Sondages serviables et variables
Les partisans de l'abolition de la peine de mort jubilent et les sondages fleurissent pour annoncer que décroît le nombre d'Américains encore favorables au maintien et à l'application de la peine de mort.
C'est oublier que "le dernier sondage de l'institut Gallup, sur ce sujet, date d'octobre [2002], alors [que] les tireurs isolés de la périphérie de Washington faisaient des victimes ; la proportion des partisans de la peine capitale était alors de 70 %".(1)
Un sondage en chasse un autre et les convictions du peuple américain, comme de tout peuple d'ailleurs, semble à l'évidence des plus changeantes.
Un sondage ne prouve rien. Tout le monde le sait, mais cela n'empêche personne de les brandir quand ils sont favorables à l'opinion que l'on défend ; on les oublie ou on les néglige quand ils sont contraires. Cela n'a rien de bien nouveau.
Ce qui est néanmoins consternant dans les commentaires sur la décision du gouverneur George Ryan, c'est la confusion savamment entretenue par les abolitionnistes.
Le scandale, ce sont les dix ans de procédure
Tout d'abord, le gouverneur de l'Illinois a pris sa décision après avoir acquis la conviction que les quatre condamnés à mort étaient innocents des crimes qu'on leur repro-chait et que leurs aveux avaient été acquis sous la torture par des poli-ciers indignes.
J'ignore bien évidemment ce qu'il en est et suis prêt - pourquoi ne le serais-je pas, d'ailleurs ?(2) - à partager sa conviction, mais, alors, ce n'est pas la peine de mort qui doit être remise en cause : ce sont certaines pratiques policières et surtout le fonctionnement de la justice américaine.
Oublie-t-on qu'une enquête de police et ses conclusions sont versées à un dossier d'instruction et qu'un procès a lieu ensuite où les prévenus bénéficient du soutien d'avocats ?
Dans le cas des quatre prévenus, la peine de mort tant décriée qui leur a été signifiée, ne leur a toutefois pas été appliquée tant que subsistait un doute et que des recours étaient possibles. C'est heureux pour eux. Que les procédures aient durées dix ans pour convaincre le gouverneur d'un État de leur innocence, c'est là où se situe le malaise.

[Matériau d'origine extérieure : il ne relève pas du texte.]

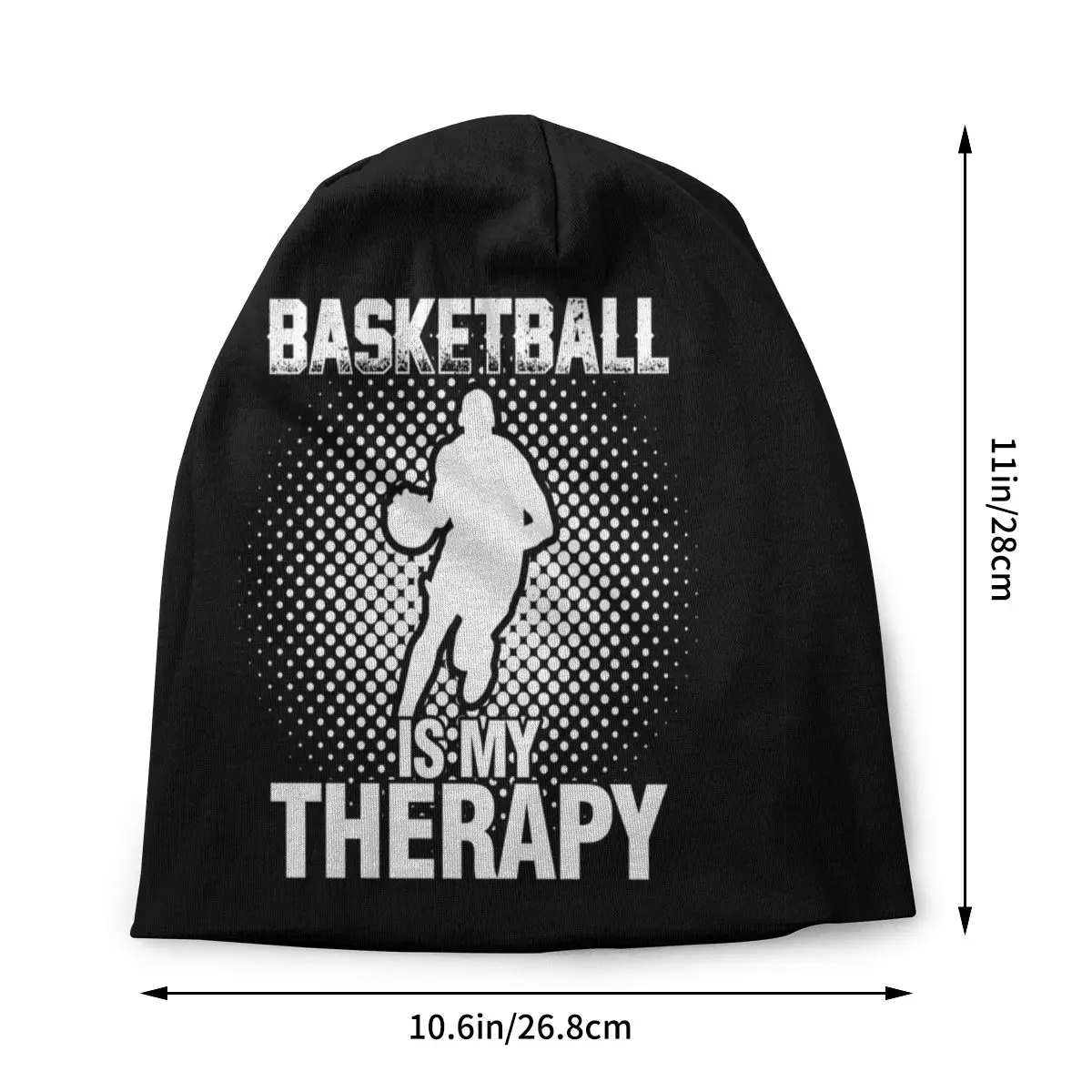 Custom Basketball Is My Therapy Beanies Caps Men Women Unisex Cool Winter Warm Knitted Hat Adult Sports Lover Bonnet Hats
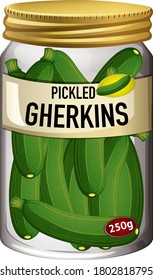 Food in glass jar pickled gherkins in cartoon style isolated illustration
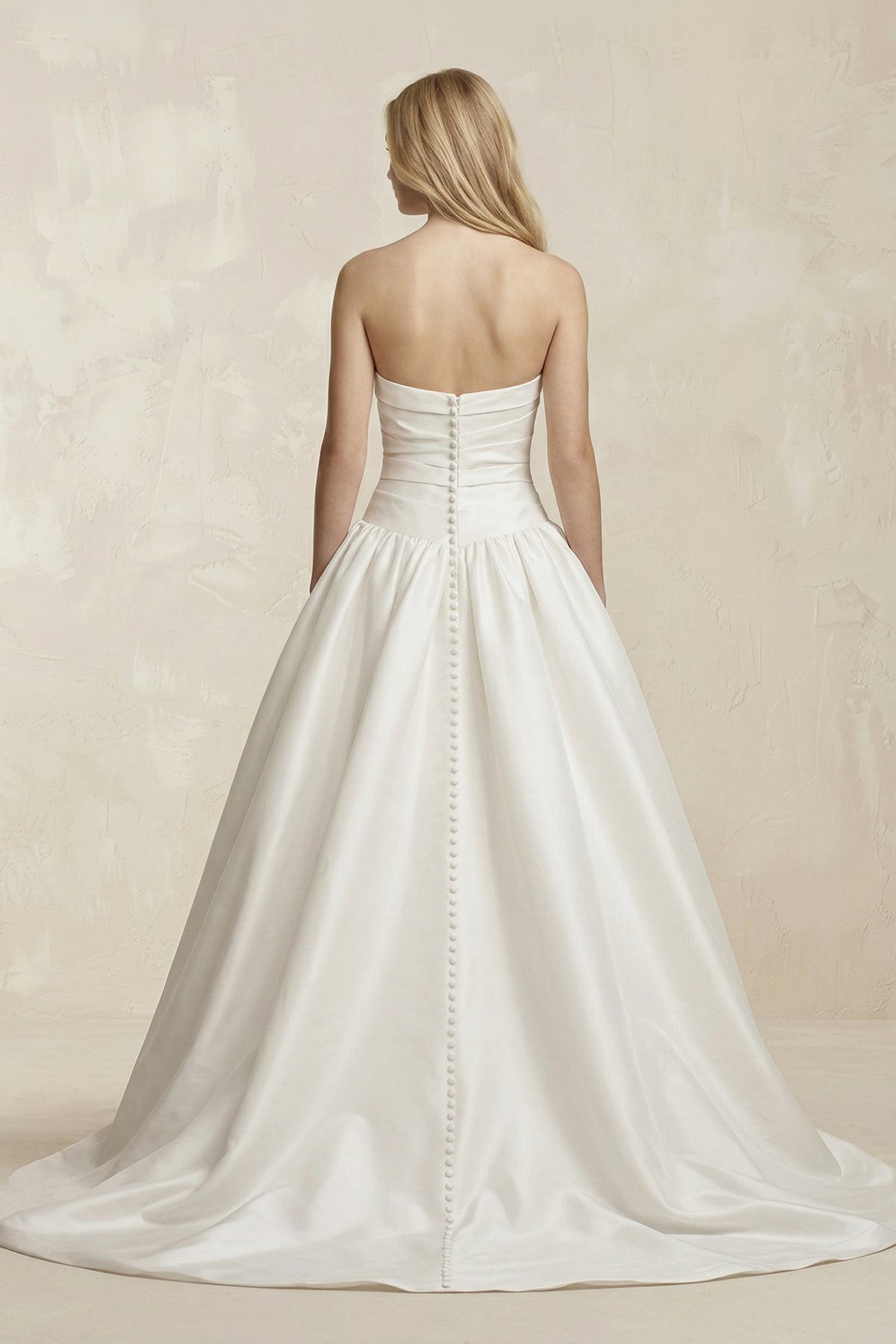 Strapless Satin Ruched A-Line Maxi Wedding Dress in White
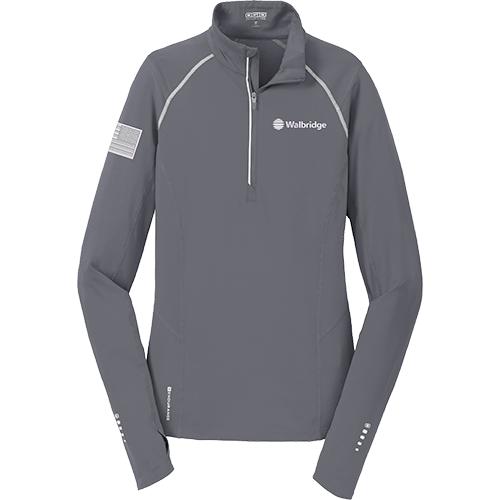 OGIO® Women's Nexus 1/4-Zip Pullover with American Flag -12 Piece Minimum Order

Bien sûr, question lenteur, la Justice américaine n'a guère à envier à celle de notre propre pays, mais que ceux qui remettre en cause la peine de mort afin d'éviter une toujours possible et regrettable erreur judiciaire, veuillent bien mettre également dans la balance le nombre de victimes des récidivistes.
On le sait pour les cas de pédophiles ayant été jusqu'à l'assassinat de leur victime : la récidive est pour eux proche des 100 %.
Notes
(1) Le Monde, 11 janvier 2003.
(2) Les quatre hommes graciés samedi dernier avaient été interrogés au début des années 90 dans un commissariat de Chicago dont le chef, Jon Burg, a été chassé de la police après avoir été accusé de torturer les suspects de meurtre.